I feel like me now, as Billy Bob and don’t punch or kick things anymore. I urge people with problems to talk to the youth workers.
|Youth Workers Statement|
Billy Bob was a popular member of the Youth Centre when he first started just over two years ago. He had friends ranging in year groups and personalities. After a few sessions as he became more comfortable with the Centre, Billy Bob started to get cross with other members who were not in his friendship group or had offended his friends. Billy Bob would shout, swear and threaten as well as cause damage to the Centre. The Youth Workers continued to build relationships with Billy as well as maintaining the boundaries using the warning system.
One session the threats and violent language became too much over something that was very small. Billy Bob had taken an action of another member as a personal attack and wanted to continue this further. Although diffusing this at the time the Youth Workers thought the best cause of action was to speak with Billy and some of his friendship group separately about what was going on. They were invited into the Centre on a lunch break to take the time to tell their side of the story and look at ways that we, the Youth Workers, could ensure everyone had a safe and enjoyable time at the Youth Centre. Billy Bob helped write a behaviour contract with strategies if things were not going well. This included talking to the Youth Workers away from sessions if needed and developing sanctions if someone did threaten another member. This meeting was the first time that Billy saw his behaviour from the perspective of the Youth Workers and began to recognise his behaviour.

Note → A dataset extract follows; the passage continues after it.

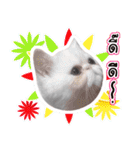 Nong Pong ＆ Kati fat cat (Thai v.)（個別スタンプ：39）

From then on Billy began to trust the Youth Workers more as he saw them not as a ‘person in authority’ but rather people who try to support young people through difficult times. Billy would use the option of talking to Youth Workers away from sessions a lot. If he had had a difficult day and he felt angry about something, he would chat this through before coming into the session to ensure he didn’t get cross with the wrong person. Youth Workers would often challenge him about his anger to help Billy to recognise that he was in control of what he did, it was not something done to him. Alongside this informal 1-1 work, Billy began getting more involved in the planned programme. This was developed to suit the needs of older young people, who will often get bored in sessions if the activities suit the younger age range. The Youth Workers put in curriculum activities that were more relevant to Billy Bob’s interests and needs including sexual health, CV’s and relationships with family.
It’s very rare that we see an angry Billy Bob these days. He is quick to recognise if he is getting wound up and able to deal with this by talking. Billy Bob now has a job and attends college, so we do not see him very often, however, he still pops in to ‘debrief’ his life and tries to attend larger events, re-arranging his shifts at work to support the work that we do.